I simply hoped its relative isolation meant it wouldn’t be hunted regularly, so at the very least, maybe we would find some decent clad. I really didn’t expect anything old or unique. Hell, finding nothing was just as likely. I mean, how many people had ever been to this place?
Well, it didn’t take long for my son to find a necklace with cross. Next, I found a gold ring, sadly missing its stone. It’s unlikely it was a big stone, or a valuable one, but it’s always nice to find jewelry intact. Still, a gold ring is a gold ring. We were pretty jazzed.

Then, my wife found something amazing.
The Cypress Lake Recreation Area includes a boat launch, dock, and picnic area.

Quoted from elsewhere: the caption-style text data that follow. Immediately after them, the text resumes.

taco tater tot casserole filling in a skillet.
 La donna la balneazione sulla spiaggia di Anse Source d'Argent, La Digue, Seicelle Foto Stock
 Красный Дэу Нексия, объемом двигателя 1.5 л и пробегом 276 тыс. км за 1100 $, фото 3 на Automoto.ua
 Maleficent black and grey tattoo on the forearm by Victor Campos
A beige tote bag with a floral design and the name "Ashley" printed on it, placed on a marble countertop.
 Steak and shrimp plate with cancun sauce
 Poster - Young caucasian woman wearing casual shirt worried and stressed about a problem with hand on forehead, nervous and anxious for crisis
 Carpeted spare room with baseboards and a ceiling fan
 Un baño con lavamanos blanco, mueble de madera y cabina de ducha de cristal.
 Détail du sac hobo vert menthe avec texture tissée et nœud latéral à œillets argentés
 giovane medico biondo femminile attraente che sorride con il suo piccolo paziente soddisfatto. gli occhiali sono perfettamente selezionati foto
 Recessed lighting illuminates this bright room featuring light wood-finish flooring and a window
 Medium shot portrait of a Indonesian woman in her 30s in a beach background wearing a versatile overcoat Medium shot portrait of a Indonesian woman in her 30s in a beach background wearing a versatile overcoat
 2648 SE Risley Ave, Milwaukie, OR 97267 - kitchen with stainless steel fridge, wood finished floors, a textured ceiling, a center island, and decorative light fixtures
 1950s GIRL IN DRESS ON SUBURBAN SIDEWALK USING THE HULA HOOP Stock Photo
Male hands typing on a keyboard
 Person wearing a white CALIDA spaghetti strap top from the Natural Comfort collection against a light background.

There is a strip of gravel “beach” by the dock, but nothing gives the impression this is a prime swimming area. The remainder of the recreation area is used for rustic camping and probably wild summer parties.
We had drained our interest in detecting the gravel beach and picnic areas and were contemplating leaving. Our jewelry finds were nice, but there wasn’t much else coming out of the ground. I suggested we try one more spot; the overgrown lake edge on the other side of the dock/boat launch.
We wandered though the bullrushes and weeds a bit then began working our way back towards the dock swinging the detector over any open patches of ground we encountered. My idea was proving rather fruitless when my wife finally got a signal right at the water’s edge.
She began digging around in the mud eventually revealing a glimpse of something small and metallic. My son immediately pounced sensing something was unique about this tiny flake of metal. I, as usual, remained oblivious thinking it was nothing more than a modern dime perhaps. My son, of course, was oh so very right.
As he rubbed the mud off the tarnished silvery slab, a coin was revealed. But not just any coin. It was a 1909 Canadian silver five cent piece, known as a fish scale to metal detectorists and coin collectors.

We were stunned! I can’t imagine how long that coin has been lying out there. It could have been a century or more for all we know. I can only wonder how it even got there in the first place. What an unexpected, wonderful find. Certainly, the highlight of our trip.
This find alone would have made the 2024 metal detecting season a success no matter how little else we found. Or even tried to find. But Lady Luck was not done with us yet.
Once again, we attended the seeded hunt hosted by our city’s metal detecting retailer. Once again, my son found one of the few grand prize tokens. The kid truly is charmed. I never find squat at these things and two years in a row he gets a big prize.

The previous year he won a quarter ounce gold coin. This year’s reward wasn’t as lucrative but was still pretty cool; a Go Find 22 metal detector. It’s a modest, entry level detector. Slightly better than our original detector but not as fancy as our second. It is collapsible, however, which will make it very convenient to take traveling or camping.
Beyond those two moments of excitement, though, the year was rather mundane and predictable. Mostly pennies and lots of junk. I guess all hobbyists have off years. We shall see if 2025 gets our detecting game back to its peak.